持続可能な森林経営

コンサルタント事業

国内事例

森林ICTプラットフォームの
自治体導入支援

国内林業では、先進的な地域においては、航空測量による森林資源量解析や、森林資源データ・システムの整備が進められている一方、多くの地域では森林資源情報の整備が十分でありません。そのような状況の中、住友林業はASロカス株式会社と共同で森林林業クラウドシステム「森林ICTプラットフォーム」を構築しました。「森林 ICTプラットフォーム」は、高度な森林資源情報や、森林・林業に関わる様々な機能を搭載できる総合的なシステムであり、2013年度から全国の市町村・林業事業体を対象に提供しています。地域の特性に応じた森林・林業に関わる多様なデータや機能を搭載し、導入地域ごとに最適なカスタマイズを行って提供していることが大きな特徴です。2022年末までに19の自治体・事業体への導入を支援しました。

森林ICTプラットフォーム

森林ICTプラットフォーム

福岡県糸島市における
「森林・林業マスタープラン」の作成支援

住友林業は、長年にわたる社有林経営で培った森林管理に関する豊富な知見を活かし、地方自治体などが行う森林整備や林業振興の計画作成にかかるコンサルティングを行っています。その一環として、2016年1月より、地域の森林資源活用に取り組む福岡県糸島市における「森林・林業マスタープラン」の作成支援を行いました。

マスタープランの位置づけ

作成支援を行った森林・林業マスタープランは、糸島市における適正な森林整備と市産材の有効活用に関する施策の根幹となるものであり、同市が推進する「ICTを活用した木材の市内活用型サプライチェーンの構築事業」の基本計画として位置づけられています。

マスタープランの作成

マスタープランの作成方法のために、まず航空レーザー測量により市域の森林資源量を把握した後、森林が有する成長力や利便性、環境保全機能等に着目したゾーニングを実施。ゾーニングごとに森林の取り扱い方針を定め、伐採計画や産出された木材を運び出すための最適な路網計画を策定しました。さらにマスタープランに沿った施策を実行するための体制づくりを併せて検討しました。

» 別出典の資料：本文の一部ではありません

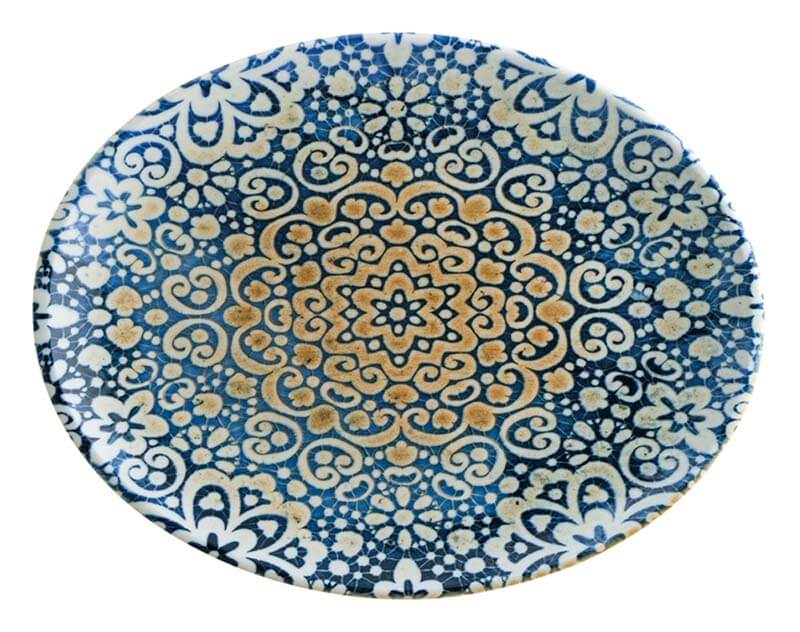 Bonna Alhambra Moove Plateau ovale 31x24cm bleu - 6 pièces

現在は、林野庁の「林業成長産業化地域創出モデル事業」を活用して、計画の実行体制を構築しており、このマスタープランが地域の林業振興に貢献できるよう支援しています。

山口県長門市と林業成長産業化で
包括連携協定締結

住友林業は山口県長門市と、同市における林業・木材産業の成長を促進し、地域経済を活性化させることを目的とした「林業成長産業化に関する包括連携協定」を2019年9月に締結しました。

これまでの取り組み

長門市は2017年4月、林野庁から「林業成長産業化地域」に選定され林業の成長産業化を図ってきました。長門市林業・木材産業成長産業化推進協議会を立ち上げ、その下に各種部会を設置し林業活性化に向けて、地元の関係者や有識者による検討を重ねてきました。その結果、2020年7月には、長門市や地域の関係団体が中心となり、地域の森林管理を担う一般社団法人「リフォレながと」が設立されました。

包括連携協定による効果

住友林業と長門市が協定を結ぶことで、地域の原木生産量の増加、林業労働者の確保・育成、木材需要の拡大を目指します。また、長門市の山林を集約させることで効率的な森林整備を実施し、さらなる林業の成長産業化のため持続可能な森林経営を推進していきます。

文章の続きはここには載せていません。